:: Given records ::

- - -

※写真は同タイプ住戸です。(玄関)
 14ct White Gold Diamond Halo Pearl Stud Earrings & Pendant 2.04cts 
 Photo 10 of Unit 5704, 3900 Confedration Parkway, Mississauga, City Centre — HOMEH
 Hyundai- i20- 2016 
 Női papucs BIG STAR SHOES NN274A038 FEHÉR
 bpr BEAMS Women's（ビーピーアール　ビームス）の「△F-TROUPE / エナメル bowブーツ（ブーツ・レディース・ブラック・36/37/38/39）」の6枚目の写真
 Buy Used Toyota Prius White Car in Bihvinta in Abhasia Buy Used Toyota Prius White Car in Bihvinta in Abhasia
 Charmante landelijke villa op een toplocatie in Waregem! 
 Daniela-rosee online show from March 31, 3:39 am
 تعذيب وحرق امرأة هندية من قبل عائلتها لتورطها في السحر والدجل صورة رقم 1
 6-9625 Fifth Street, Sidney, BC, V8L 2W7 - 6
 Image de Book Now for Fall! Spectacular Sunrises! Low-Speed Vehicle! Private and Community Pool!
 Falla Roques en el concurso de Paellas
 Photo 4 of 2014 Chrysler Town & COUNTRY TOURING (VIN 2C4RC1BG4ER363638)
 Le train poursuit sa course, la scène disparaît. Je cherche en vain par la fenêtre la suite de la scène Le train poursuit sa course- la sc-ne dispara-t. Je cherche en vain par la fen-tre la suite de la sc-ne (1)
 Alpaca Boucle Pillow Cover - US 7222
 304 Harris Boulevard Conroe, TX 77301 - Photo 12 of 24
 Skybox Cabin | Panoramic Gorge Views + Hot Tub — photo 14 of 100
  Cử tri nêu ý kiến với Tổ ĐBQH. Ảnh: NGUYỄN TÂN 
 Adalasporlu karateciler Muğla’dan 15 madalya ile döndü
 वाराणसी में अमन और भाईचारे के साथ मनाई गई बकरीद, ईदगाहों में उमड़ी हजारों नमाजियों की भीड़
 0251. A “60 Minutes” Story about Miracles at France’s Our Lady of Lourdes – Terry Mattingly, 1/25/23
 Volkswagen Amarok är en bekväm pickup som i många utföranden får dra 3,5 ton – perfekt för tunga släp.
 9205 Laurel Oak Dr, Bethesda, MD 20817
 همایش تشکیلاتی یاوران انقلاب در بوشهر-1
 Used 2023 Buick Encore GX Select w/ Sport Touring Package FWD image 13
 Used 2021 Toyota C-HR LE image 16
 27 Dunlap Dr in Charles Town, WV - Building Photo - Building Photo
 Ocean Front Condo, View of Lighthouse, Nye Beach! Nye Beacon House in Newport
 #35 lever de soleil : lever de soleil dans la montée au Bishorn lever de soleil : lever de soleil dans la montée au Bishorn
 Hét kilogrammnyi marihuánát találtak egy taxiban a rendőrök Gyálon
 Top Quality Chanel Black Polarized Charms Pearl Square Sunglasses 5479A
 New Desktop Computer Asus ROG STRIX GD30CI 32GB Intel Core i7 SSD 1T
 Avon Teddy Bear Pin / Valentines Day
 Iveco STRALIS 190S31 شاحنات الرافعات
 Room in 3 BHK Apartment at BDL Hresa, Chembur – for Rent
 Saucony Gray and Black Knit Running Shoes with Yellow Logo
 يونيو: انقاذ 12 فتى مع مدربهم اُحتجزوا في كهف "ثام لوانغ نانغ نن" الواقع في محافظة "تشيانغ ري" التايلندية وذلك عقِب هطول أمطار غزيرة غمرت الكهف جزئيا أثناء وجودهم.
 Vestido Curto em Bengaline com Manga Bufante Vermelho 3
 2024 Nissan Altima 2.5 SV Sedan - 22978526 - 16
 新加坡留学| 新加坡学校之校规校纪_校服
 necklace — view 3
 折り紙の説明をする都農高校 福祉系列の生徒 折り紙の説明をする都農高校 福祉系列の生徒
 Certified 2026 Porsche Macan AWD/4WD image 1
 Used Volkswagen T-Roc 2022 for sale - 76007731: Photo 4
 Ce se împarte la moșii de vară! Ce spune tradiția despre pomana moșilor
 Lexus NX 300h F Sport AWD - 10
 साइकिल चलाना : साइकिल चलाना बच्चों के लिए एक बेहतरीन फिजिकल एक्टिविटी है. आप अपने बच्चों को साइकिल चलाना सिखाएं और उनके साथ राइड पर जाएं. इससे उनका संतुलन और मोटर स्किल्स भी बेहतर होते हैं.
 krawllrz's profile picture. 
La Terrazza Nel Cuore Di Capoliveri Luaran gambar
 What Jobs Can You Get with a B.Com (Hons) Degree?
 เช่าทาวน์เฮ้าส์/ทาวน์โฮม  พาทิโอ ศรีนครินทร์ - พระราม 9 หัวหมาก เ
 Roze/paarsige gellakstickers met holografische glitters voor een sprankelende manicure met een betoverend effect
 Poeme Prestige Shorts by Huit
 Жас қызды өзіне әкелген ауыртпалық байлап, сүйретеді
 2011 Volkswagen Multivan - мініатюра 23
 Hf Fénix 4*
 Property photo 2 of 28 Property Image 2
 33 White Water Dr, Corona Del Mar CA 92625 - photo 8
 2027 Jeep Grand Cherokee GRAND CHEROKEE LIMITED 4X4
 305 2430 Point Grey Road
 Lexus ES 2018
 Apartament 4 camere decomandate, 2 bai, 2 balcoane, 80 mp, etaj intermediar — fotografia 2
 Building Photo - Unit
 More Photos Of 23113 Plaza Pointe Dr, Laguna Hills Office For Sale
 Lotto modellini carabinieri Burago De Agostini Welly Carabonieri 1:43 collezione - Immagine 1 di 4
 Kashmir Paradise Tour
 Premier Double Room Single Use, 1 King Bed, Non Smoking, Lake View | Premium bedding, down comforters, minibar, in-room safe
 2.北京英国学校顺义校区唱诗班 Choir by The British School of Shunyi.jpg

- - -

:: About this task ::
Only the lines from the one containing "Property photo 2 of 28 Property Image 2" through the end of the entries above should be written out, exactly and in full.

:: Solution to this task ::
 Property photo 2 of 28 Property Image 2
 33 White Water Dr, Corona Del Mar CA 92625 - photo 8
 2027 Jeep Grand Cherokee GRAND CHEROKEE LIMITED 4X4
 305 2430 Point Grey Road
 Lexus ES 2018
 Apartament 4 camere decomandate, 2 bai, 2 balcoane, 80 mp, etaj intermediar — fotografia 2
 Building Photo - Unit
 More Photos Of 23113 Plaza Pointe Dr, Laguna Hills Office For Sale
 Lotto modellini carabinieri Burago De Agostini Welly Carabonieri 1:43 collezione - Immagine 1 di 4
 Kashmir Paradise Tour
 Premier Double Room Single Use, 1 King Bed, Non Smoking, Lake View | Premium bedding, down comforters, minibar, in-room safe
 2.北京英国学校顺义校区唱诗班 Choir by The British School of Shunyi.jpg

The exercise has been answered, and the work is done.